一方、毛利氏は祖先が鎌倉幕府の政所別当(まんどころべっとう)・大江広元(おおえのひろもと)であり、南北朝時代に子孫が安芸国吉田荘に移って安芸毛利氏となったものの、弱小豪族・国人のひとりであった。大内氏の配下にあったが、隣接する出雲・尼子氏が脅威となっていた。そうした時に毛利家の家督を相続した元就(もとなり)は、一族・庶子、家臣としての国衆を従属させることに成功し、安芸国の盟主的な存在になる。
天文9年(1540)、居城・吉田郡山(よしだこおりやま)城が尼子軍によって攻められた時に、元就は大内氏に援軍要請した。大内家では「たかが毛利のためなどに」という自重論が大勢を占めた中でただひとり、晴賢のみが「大内家に服属する毛利を救わねば名分が立たない。救援すべき」と主張し、自ら陣頭に立って戦い、尼子勢を破った。晴賢の名はこの一戦で「名将」として内外に知られた。
■大内打倒に協力した晴賢と元就がやがて対立し…
晴賢は眉目秀麗(びもくしゅうれい)。武門の名家という家柄もあって、大内家の重臣として義興亡き後の後継者・義隆を支えていく。だが、主従にすきま風が吹くようになる。義隆が新参者・相良武任(さがらたけとう)を重用し始め、内政まで任せるようになった。これには晴賢ばかりか他の重臣たちも反発し、結果として晴賢は大内家を見限り下剋上に踏み切る。天文20年8月、挙兵した晴賢は義隆を自刃させると、主家簒奪(さんだつ)を計ることなく、豊後(ぶんご)・大友宗麟(おおともそうりん)の弟で義隆の甥でもあった晴英(はるひで/大内義長/おおうちよしなが)を後継者とした。
この大内家の内訌(ないこう)に尼子氏が動いた。晴賢は、尼子対策として下剋上を支持して協力した元就に安芸・佐東郡を預けた。一方で晴賢は弱小国人上がりの元就を見下してもいた。この時点で元就は、謀略を駆使して安芸・備後をまとめ上げている。晴賢と元就の意識のズレが、お互いを警戒するようになり、次第にライバル同士は対決に追い込まれていく。

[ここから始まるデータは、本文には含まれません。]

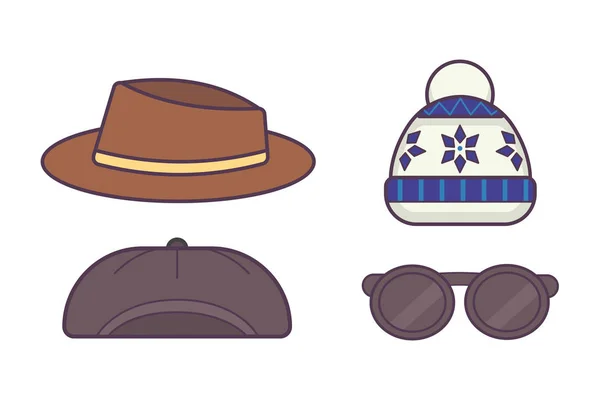 Conjunto de sombreros de invierno para niños y niñas en clima frío. icono de gafas . — Archivo Imágenes Vectoriales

晴賢を得意の謀略の罠に嵌(は)めようとする元就は、戦力差(大内軍を率いる晴賢は大軍)を考慮して、決戦の場所として大軍が自由に行動しにくい厳島(いつくしま)を選んだ。弘治元年(1555)春、元就は厳島を占拠し、神社北側にある宮尾(みやお)城に600を入れ守備強化を図った。厳島は広島湾の南西に浮かぶ東西4㎞、南北10㎞、周囲28㎞余りの長方形をした小島である。標高535mの弥山(みせん)が聳(そび)え、本土との間には4㎞の大野瀬戸(おおのせと)が横たわる。さらに元就は重臣を晴賢に寝返らせるふりをさせた。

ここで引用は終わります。